Mas, a partir do caso “Belo”, percebendo que uma parte do Judiciário carioca agasalhara com satisfação e felicidade a idéia, passou a polícia a aplicar os dispositivos de cambulhada, sem os embaraços que implica a obrigação da prova da materialidade, indispensável no caso de imputação por tráfico ou, até mesmo, pelo simples uso (artigos 12 e 16 da citada lei). Prender por droga sem droga é o mesmo que prender por homicídio sem cadáver, por furto sem “res furtiva”, por falsidade material sem documento etc. É a liberdade de acusar qualquer um a qualquer tempo sem qualquer motivo. É o paraíso da repressão, que faria inveja a Hitler, Mussolini e seus eventuais seguidores. Nem mesmo as ditaduras militares latino-americanas descobriram tamanha facilidade para operar seus desígnios.

É sabido que os fascistas de plantão cuidarão de dizer que os tipos dos artigos 13 e 14 da lei de drogas (associação e/ou colaboração) não exigem materialidade, que são crimes formais, que se consumam com qualquer ato de colaboração. Mas, com certeza, jamais poderão definir em que consistem tais atos de colaboração, sem se perderem em conceitos vagos e preconceituosos.

A prisão ou convocação de pessoas por conta dessa espécie de imputação é uma grave ameaça para todos os cidadãos, mais especialmente para as lideranças comunitárias do país, que passam a ficar altamente vulneráveis às intempéries políticas locais, podendo ser abortadas ao gosto e ao tempo das autoridades constituídas, através de simples e, aparentemente, corriqueira atividade policial. É o disfarce de uma covardia; é o uso da instituição policial para suporte de ambições políticas inconfessáveis.
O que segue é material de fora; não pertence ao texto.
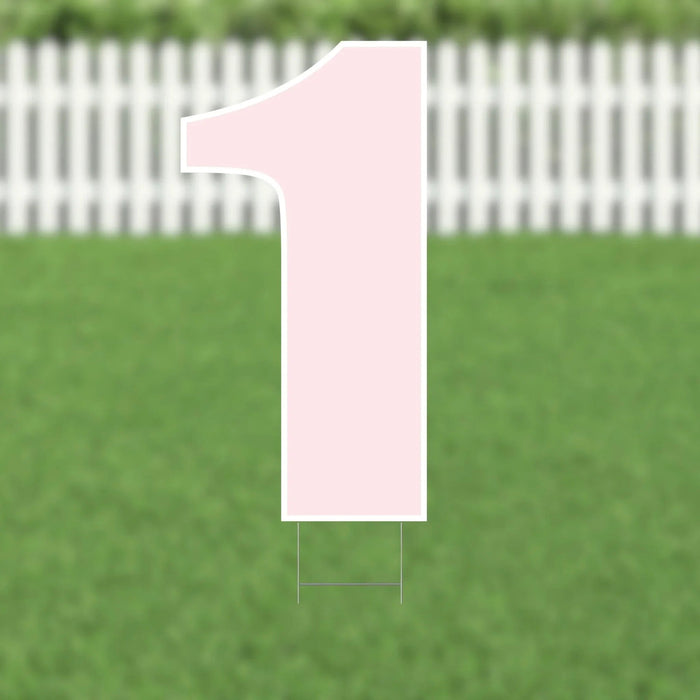 Light pink number 1 yard sign with white outline and metal stakes, displayed on green grass with white picket fence background.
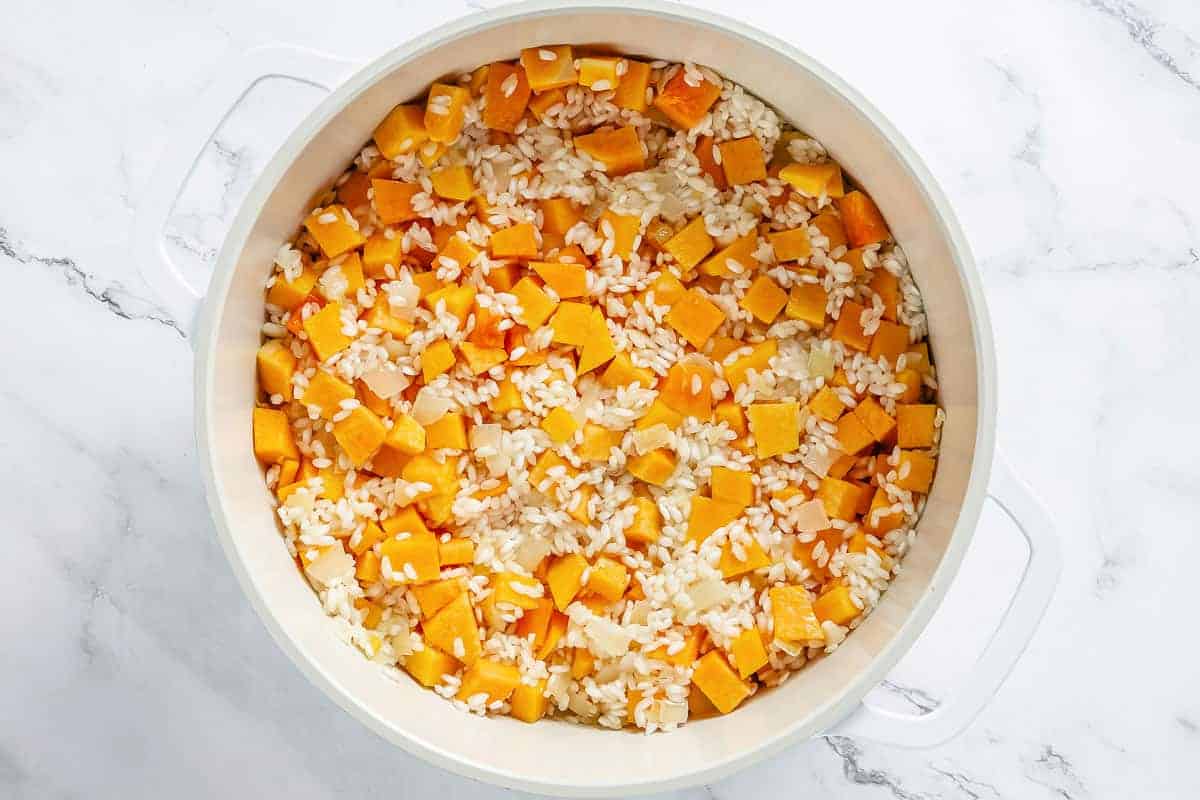 arborio rice and pumpkin pieces sauteeing in a white dutch oven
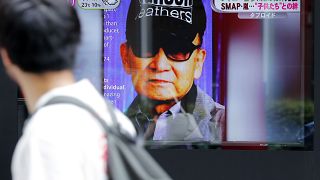 A passer-by watches a TV news reporting Johnny Kitagawa's passing away in Tokyo, on July 10, 2019.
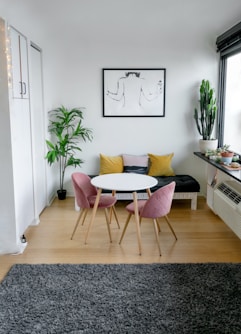 white and pink round table beside white wall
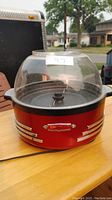 Front view of red retro electric popcorn maker with clear dome lid, showing the power switch and chrome decorative strips.
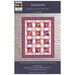 Horizons quilt by Down to the Letter displayed on a brick wall, featuring geometric patterns.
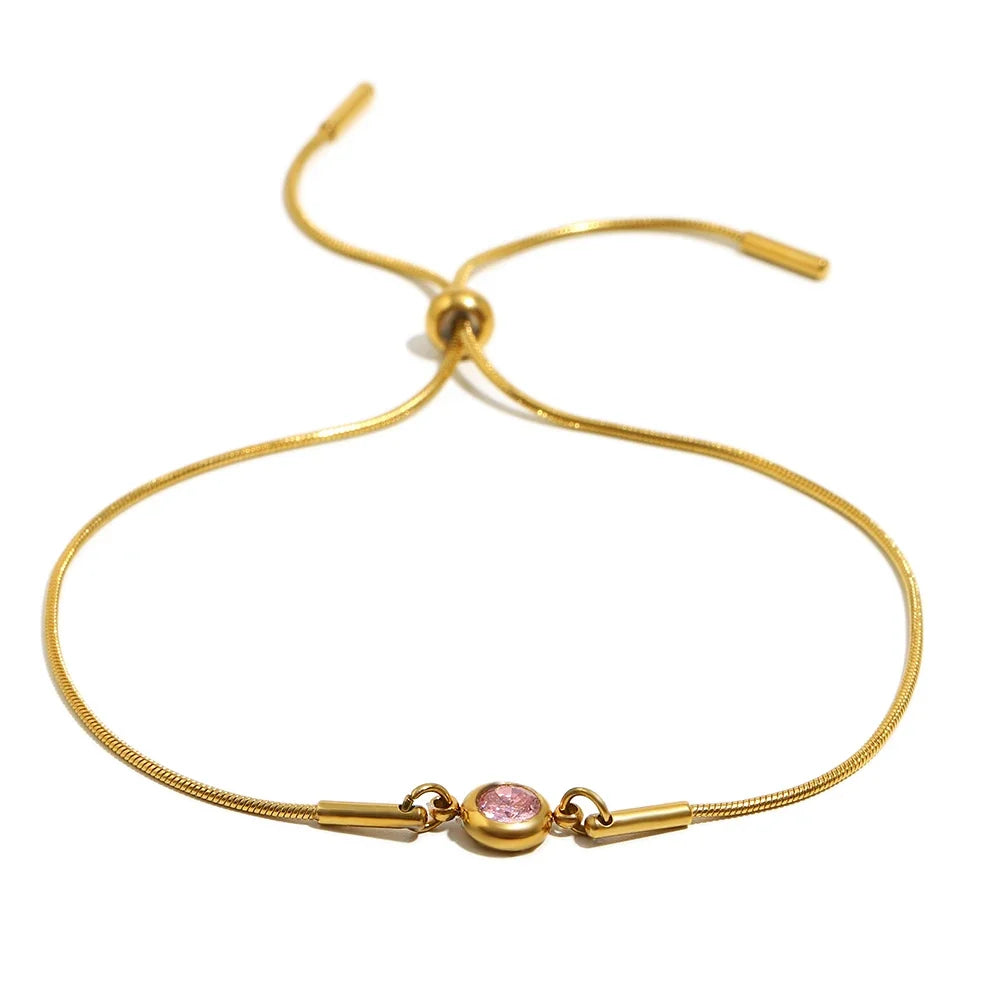 Bangle bracelet with colored birthstone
Tal expediente, além de espúrio, compromete nossa liberdade política, cuja relevância é destacada por Richard Rorty, nos termos seguintes: “Se cuidarmos da liberdade política, a verdade e a bondade cuidarão de si mesmas”.

No caso de William de Oliveira, presidente da principal associação de moradores da Favela da Rocinha, a pirotecnia policialesca mostrou-se altamente eficaz, pois conseguiu afastar da vida pública – embora temporariamente – um trabalhador, sem qualquer registro policial aos 39 anos de idade, representante legítimo dos moradores da comunidade em que mora desde que nasceu. Outros líderes comunitários, como, por exemplo, a presidente e diretoras da associação de moradores do morro Dona Marta, já foram chamados para “esclarecimentos” em sedes policiais. A situação é grave e possibilita um verdadeiro genocídio de lideranças espontâneas e autênticas das camadas sociais menos favorecidas. E se a moda pega o preço histórico pode vir a ser muito alto.